Rents are soaring across the US. 2014 has seen a massive increase in rent. According to the latest reports by Zillow.com, Americans paid more than $441 billion in rent in 2014, which is 4.9% more than 2013.
As far as North Texas is concerned, the report showed that the locals spent $600 million dollars more on rents. The total expenditure on DFW Metroplex residents was $10 billion, which was 6.2% more than 2013. The median rent in the DFW saw an increase of $35/month this year too, which is higher than the median nationwide rise of $26.
Major cities of California i.e. San Francisco (13.5%) and San Jose (14.4%) saw the highest increase in rent.
According to Zillow’s chief economist Stan Humphries, “Over the past 14 years, rents have grown at twice the pace of income due to weak income growth, burgeoning rental demand, and insufficient growth in the supply of rental housing. This has created real opportunities for rental housing owners and investors but has also been a bitter pill to swallow for tenants, particularly those on an entry-level salary and those would-be buyers struggling to save for a down payment on a home of their own. Next year, we expect rents to rise even faster than home values, meaning that another increase in total rent paid similar to that seen this year isn’t out of the question.
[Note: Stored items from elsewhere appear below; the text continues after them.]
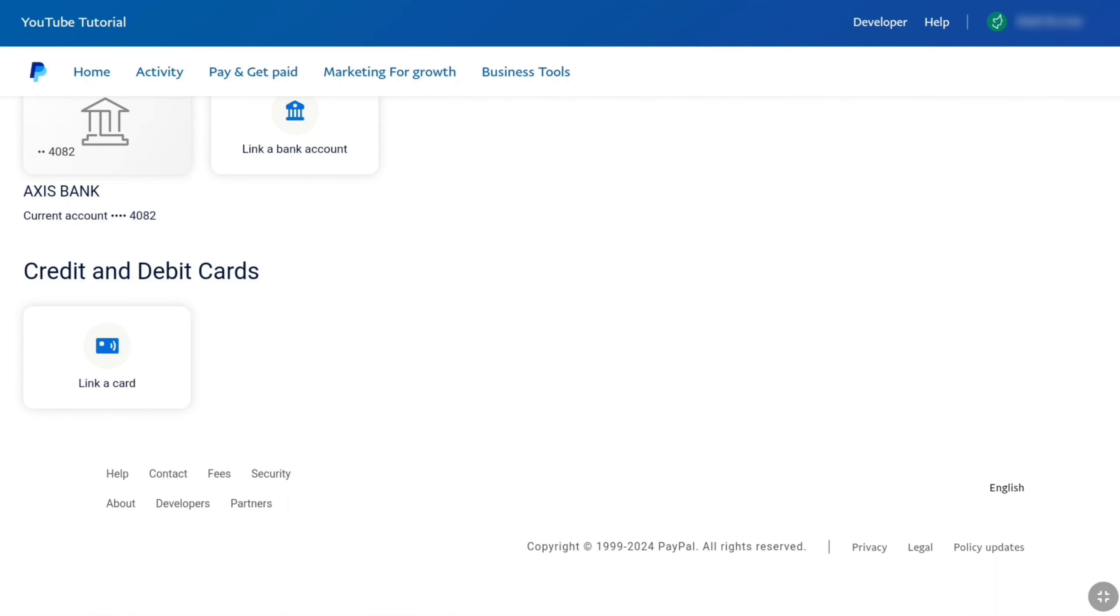That's how you can delete your linked credit or debit card from PayPal. And if you want to change your phone number on PayPal, then watch this video. And I will see you in the next one.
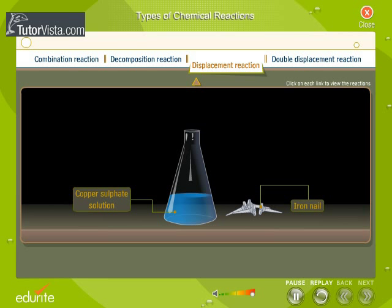In general, a more reactive element displaces a less reactive element from its compound. Here is a typical example.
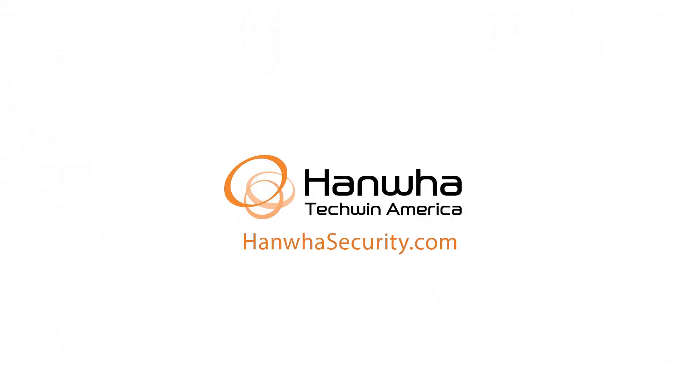To learn more about this and other exciting Hanwha products, subscribe to our YouTube channel or visit us at hanwhasecurity.com.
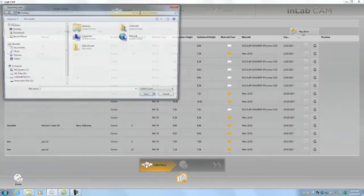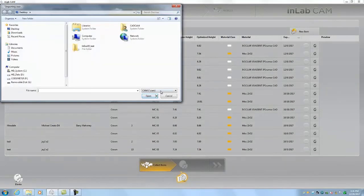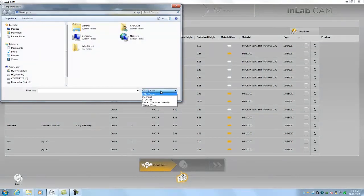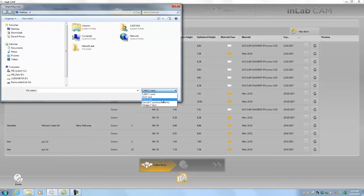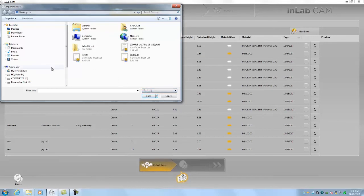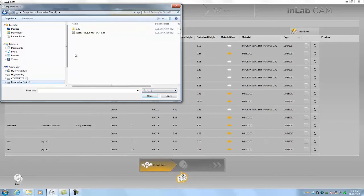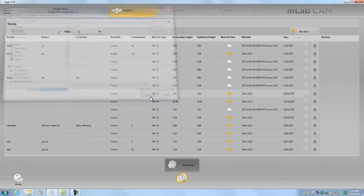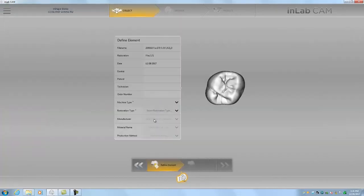You can see here in this dropdown I can import CAM files, SCI, STL, construction info files from exocad, and 30x files from 3-shape. In our case we're going to do STL file. I'm going to go to my G drive and select my STL file. Click open and there's my crown.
In fact, it’s probable.”
On the other hand, home prices saw a lot of stability in 2014. A report from Capital Economics shows that the price gain is likely to stabilize around 4% in 2015. Mortgage rates will increase to 5.5% by the end of 2015 but it won’t affect the housing affordability. Due to the massive increase in rents, prospective home buyers are keener on buying a property rather than renting one. That’s why; home affordability will be more encouraging than the historical norm.